Geçen akşam izlediğim bir dizide, kızın eski sevgilisine söylediği sözle hem
şaşırdım, hem sevindim.
Eski sevgilisiyle konuşurken, sevgilisine “Suçlamak zayıflıktır, lütfen yapma” dedi.
Sevindim çünkü Şiddetsiz İletişim bilmeden de suçlamanın zayıflık olduğu
farkındalığını kutluyorum, belki de biliyordu onu da bilmiyorum. Dizide konusu
olmadı.
Suçlamak “yanlıştır” demiyorum. Eğitimlerde bu suçlamaları duymanın kıymetini,
kalbimizin özlemlerini anlamamızı, nasıl kolaylaştırdığına katılımcıların dikkatini
davet ederim.
Önem verdiğim şey ışık hızında oluşan bu suçlama cümlemle ne yaptığım?
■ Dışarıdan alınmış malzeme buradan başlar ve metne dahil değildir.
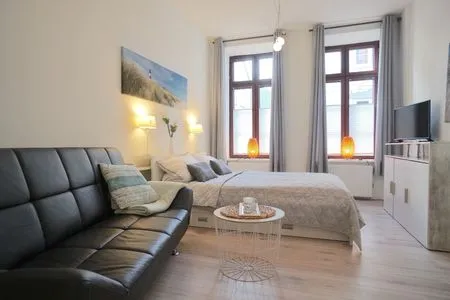 Wohnzimmer Charmantes Apartment Thor in zentraler Lage in Schleswig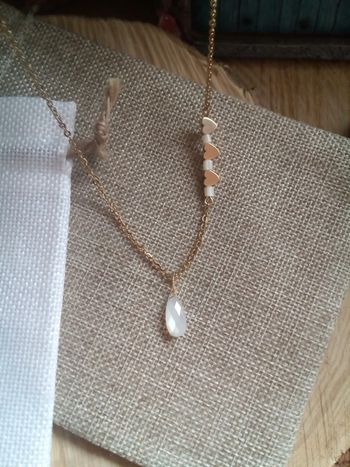 Collier pierre de lune et n'acre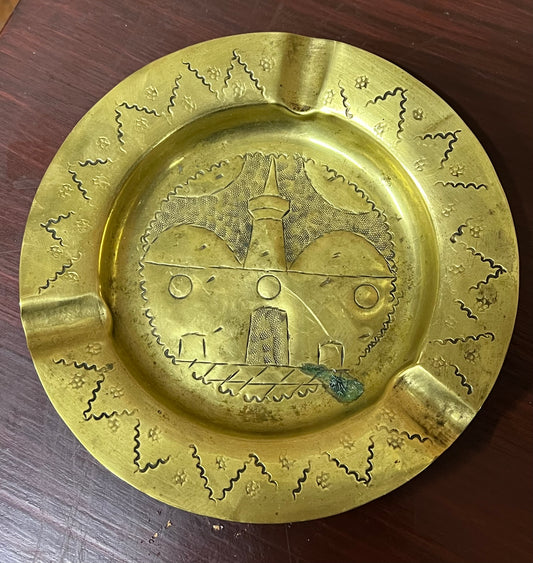 Retro Brass Decorative Ashtray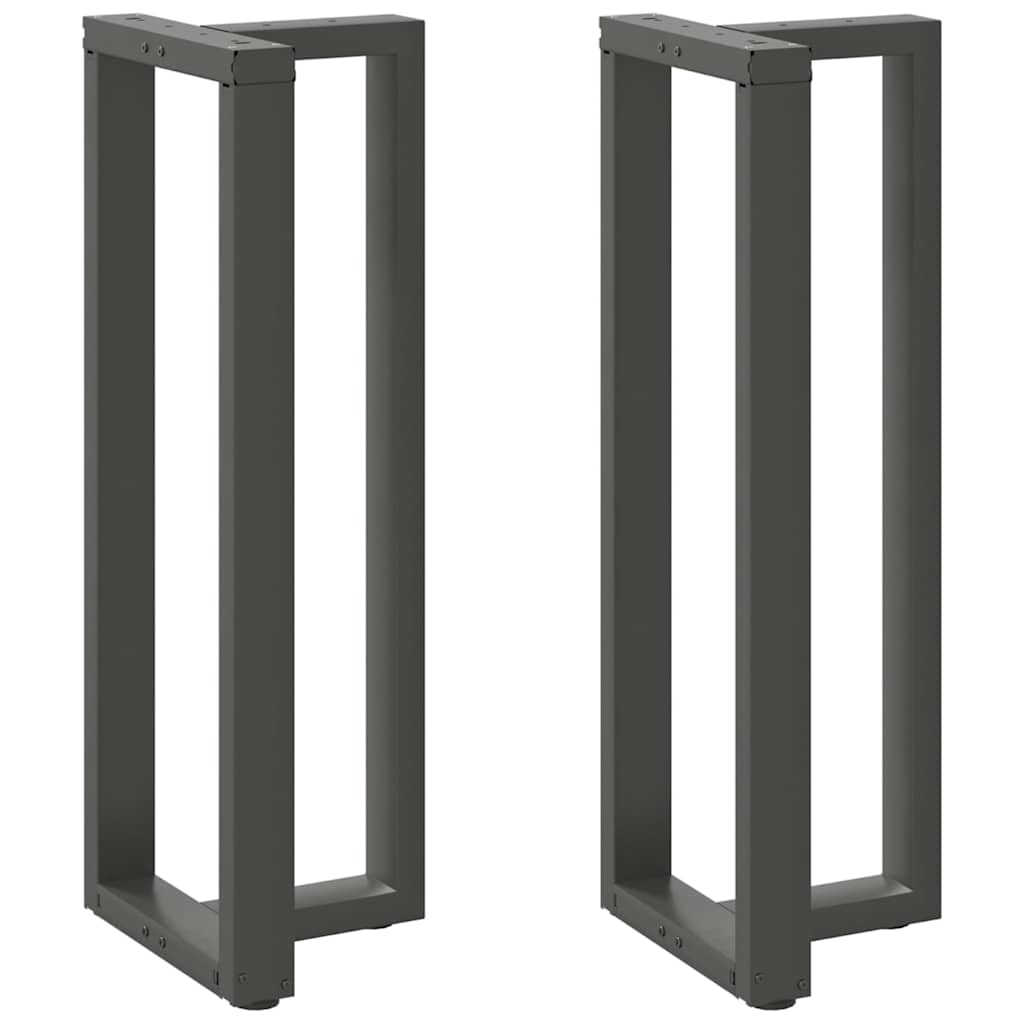 Pieds De Table Console En T, 2 Pièces, , , Acier Anthracite-1-2-50 x 35 x (110-111) cm-La-Fabrique-Industrielle
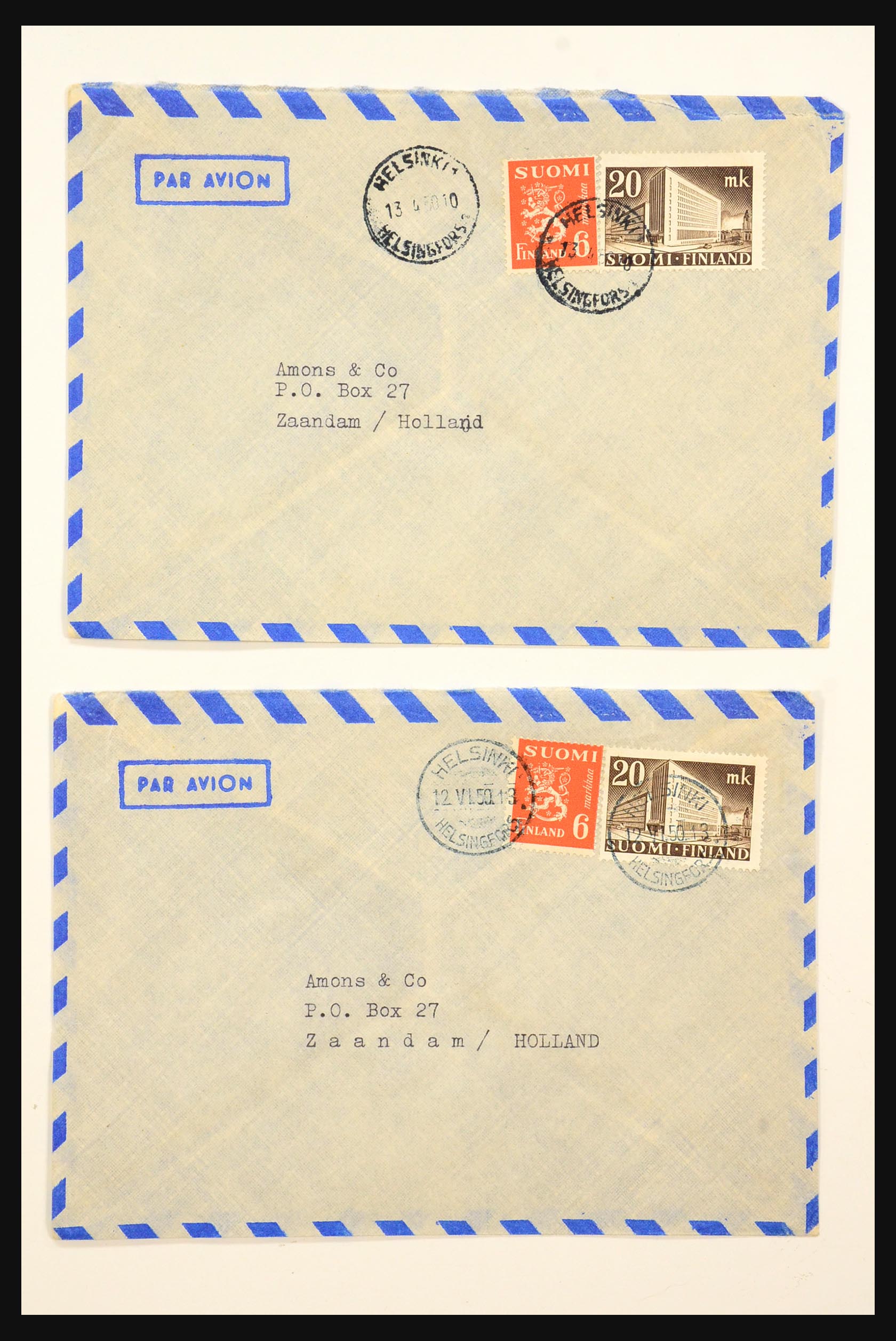 31363 054 - 31363 Finland covers 1874-1974.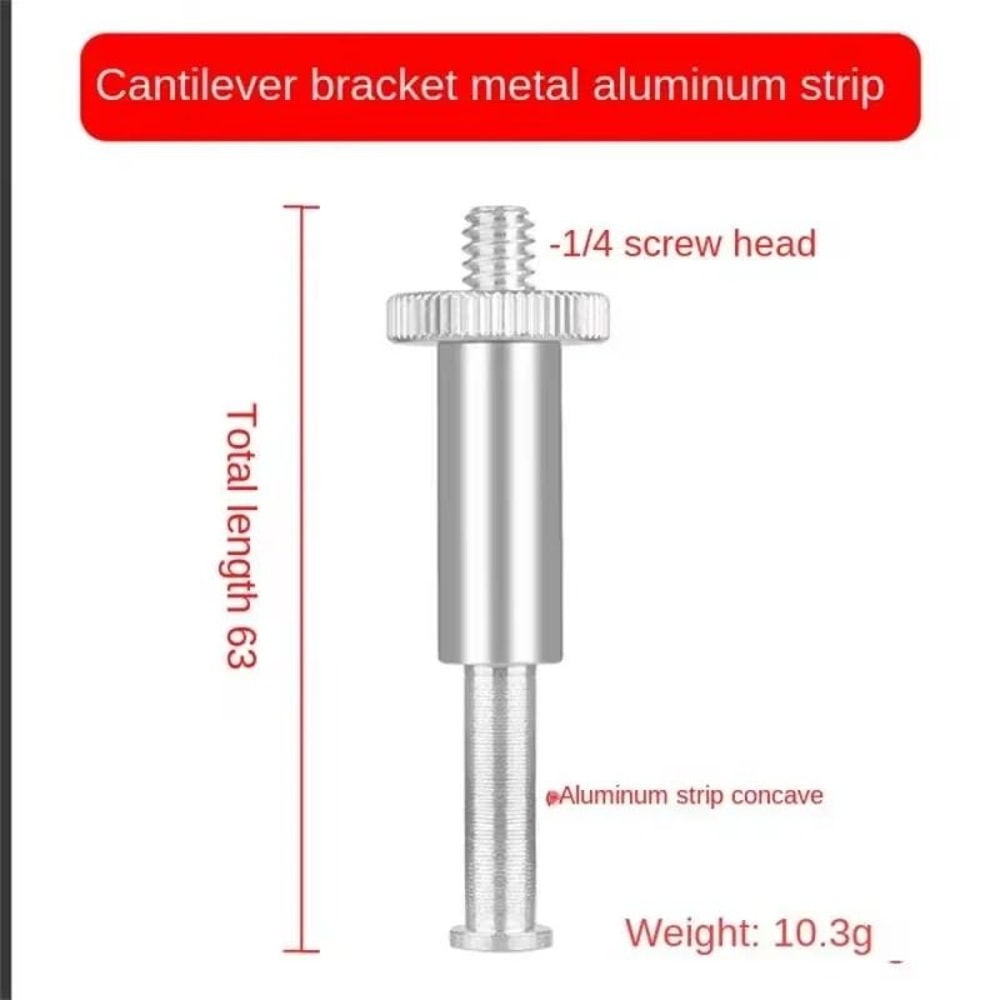38 To 14 Metal Adapter With Ball Head Microphone Boom Arm Mount 2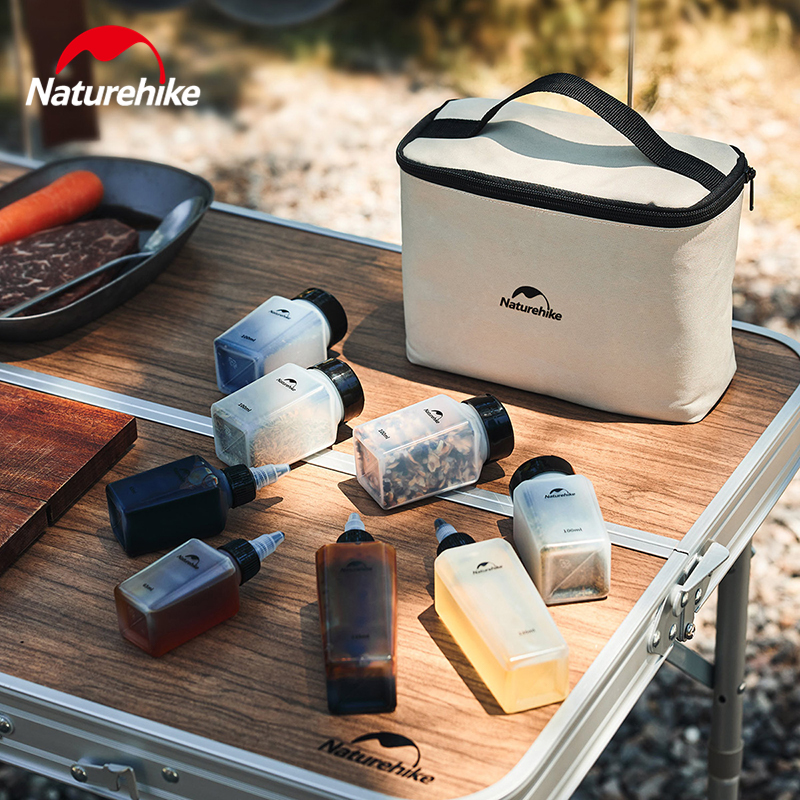 Camping Cooking Full Set - Naturehike Condiment Bottle 6/8pcs Outdoor Portable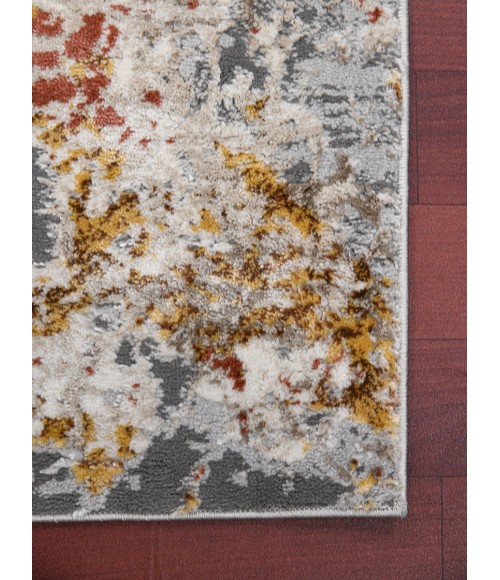 Amer Savannah Gracielle Ivory/Gray Polyester Blend Area Rug 5'3"x7'9"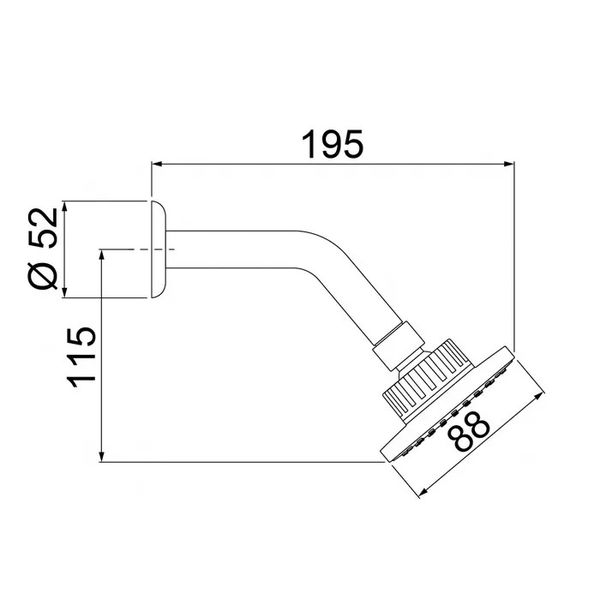 CHUVEIRO DUCHA FRIA FLATT QUADRA CROMADA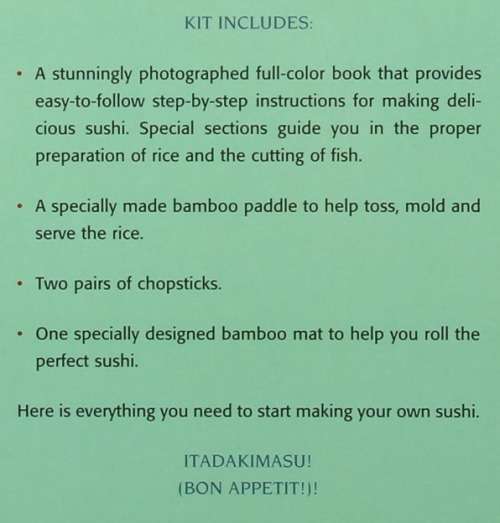 Sushi Making Kit and Recipe Book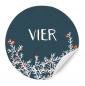 Preview: Adventskalenderzahlen zum Basteln für den Adventskalender in Blau Weiß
Kalbimin özlemlerini anlamak ve bunları başka stratejilerle karşılamak için mi
kullanıyorum ki bu içsel tatminimi arttırır.
Yoksa karşımdakine bunu söylemeyi mi seçiyorum ki bunun da sonuçları var.
Doğru ve yanlışın ötesine giderek, bu eylemimin bir sonucu olacağını bilincime
getirirsem, belki ŞİDDETSİZ İLETİŞİM rehberliğinde, duygu temelli tepki vermek
yerine ihtiyaç temelli eyleme geçmeyi seçebilirim.
Ben buna “özgürlük” diyorum. “Seçim özgürlüğü”.